-- THE DATA --
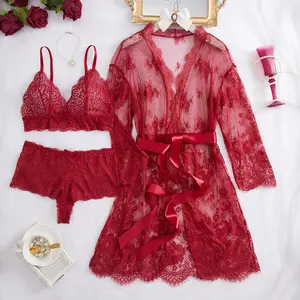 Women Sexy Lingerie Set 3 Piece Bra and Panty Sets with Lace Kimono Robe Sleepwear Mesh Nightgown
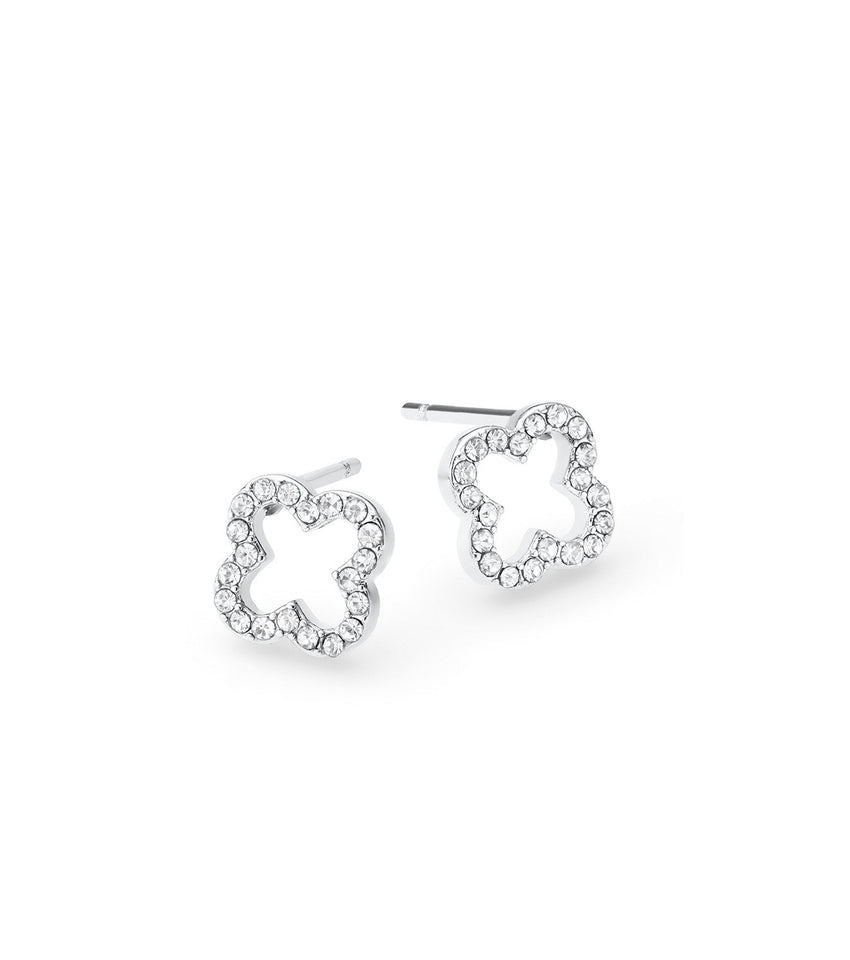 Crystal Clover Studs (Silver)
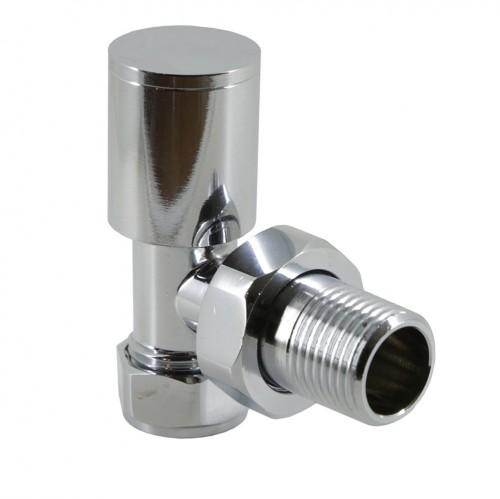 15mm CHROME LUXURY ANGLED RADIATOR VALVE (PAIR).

-- TASK DETAILS --
Exactly those lines that run from the line holding "Crystal Clover Studs (Silver)" to the end of the listing above, both included, are to be reproduced, with pictures left out.

-- ANSWER BOX --
 Crystal Clover Studs (Silver)
 15mm CHROME LUXURY ANGLED RADIATOR VALVE (PAIR).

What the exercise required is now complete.